WHAT YOU SHOULD DO => Starting with the first line and ending with the one that holds "An image demonstrating", retype the entries exactly.
### ENTRIES PROVIDED ###
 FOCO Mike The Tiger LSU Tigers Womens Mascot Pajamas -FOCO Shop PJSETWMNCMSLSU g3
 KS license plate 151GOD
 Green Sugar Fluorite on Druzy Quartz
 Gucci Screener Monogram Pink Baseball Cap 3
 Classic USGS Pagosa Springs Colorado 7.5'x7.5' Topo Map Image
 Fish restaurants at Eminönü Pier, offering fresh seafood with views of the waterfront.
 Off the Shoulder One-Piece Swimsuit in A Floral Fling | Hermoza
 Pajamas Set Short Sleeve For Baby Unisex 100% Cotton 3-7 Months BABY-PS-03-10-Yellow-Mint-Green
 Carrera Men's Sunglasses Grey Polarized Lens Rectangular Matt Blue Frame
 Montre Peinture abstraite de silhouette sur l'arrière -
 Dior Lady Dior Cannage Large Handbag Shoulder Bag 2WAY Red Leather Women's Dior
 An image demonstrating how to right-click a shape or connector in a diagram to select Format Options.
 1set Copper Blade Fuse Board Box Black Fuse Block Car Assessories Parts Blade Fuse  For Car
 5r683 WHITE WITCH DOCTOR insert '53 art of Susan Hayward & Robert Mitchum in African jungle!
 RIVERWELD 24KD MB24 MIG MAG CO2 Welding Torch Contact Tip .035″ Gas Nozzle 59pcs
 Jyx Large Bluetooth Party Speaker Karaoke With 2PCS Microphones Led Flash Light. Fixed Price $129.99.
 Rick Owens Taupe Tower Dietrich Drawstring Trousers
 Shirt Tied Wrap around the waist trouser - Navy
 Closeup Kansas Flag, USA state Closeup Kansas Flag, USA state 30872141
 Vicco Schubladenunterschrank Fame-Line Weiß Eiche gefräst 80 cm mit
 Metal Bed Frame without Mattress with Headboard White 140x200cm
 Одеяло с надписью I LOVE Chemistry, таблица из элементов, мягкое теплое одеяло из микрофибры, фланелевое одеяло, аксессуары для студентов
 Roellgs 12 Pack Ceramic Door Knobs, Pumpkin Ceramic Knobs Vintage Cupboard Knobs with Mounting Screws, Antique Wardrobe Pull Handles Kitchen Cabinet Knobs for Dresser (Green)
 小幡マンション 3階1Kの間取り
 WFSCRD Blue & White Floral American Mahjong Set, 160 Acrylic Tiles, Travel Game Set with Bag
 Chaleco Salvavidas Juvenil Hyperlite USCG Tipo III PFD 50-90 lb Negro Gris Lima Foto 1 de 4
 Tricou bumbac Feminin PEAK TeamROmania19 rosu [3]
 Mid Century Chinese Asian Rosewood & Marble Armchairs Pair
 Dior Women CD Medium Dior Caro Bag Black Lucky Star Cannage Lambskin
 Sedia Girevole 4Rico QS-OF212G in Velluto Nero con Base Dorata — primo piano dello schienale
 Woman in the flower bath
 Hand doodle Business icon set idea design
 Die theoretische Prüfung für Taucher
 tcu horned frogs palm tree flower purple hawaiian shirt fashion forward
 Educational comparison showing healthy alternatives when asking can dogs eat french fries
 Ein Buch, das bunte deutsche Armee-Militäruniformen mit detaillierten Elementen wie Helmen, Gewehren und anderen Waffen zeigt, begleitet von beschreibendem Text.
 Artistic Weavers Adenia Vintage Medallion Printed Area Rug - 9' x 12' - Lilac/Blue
###
ANSWER SECTION =>
 FOCO Mike The Tiger LSU Tigers Womens Mascot Pajamas -FOCO Shop PJSETWMNCMSLSU g3
 KS license plate 151GOD
 Green Sugar Fluorite on Druzy Quartz
 Gucci Screener Monogram Pink Baseball Cap 3
 Classic USGS Pagosa Springs Colorado 7.5'x7.5' Topo Map Image
 Fish restaurants at Eminönü Pier, offering fresh seafood with views of the waterfront.
 Off the Shoulder One-Piece Swimsuit in A Floral Fling | Hermoza
 Pajamas Set Short Sleeve For Baby Unisex 100% Cotton 3-7 Months BABY-PS-03-10-Yellow-Mint-Green
 Carrera Men's Sunglasses Grey Polarized Lens Rectangular Matt Blue Frame
 Montre Peinture abstraite de silhouette sur l'arrière -
 Dior Lady Dior Cannage Large Handbag Shoulder Bag 2WAY Red Leather Women's Dior
 An image demonstrating how to right-click a shape or connector in a diagram to select Format Options.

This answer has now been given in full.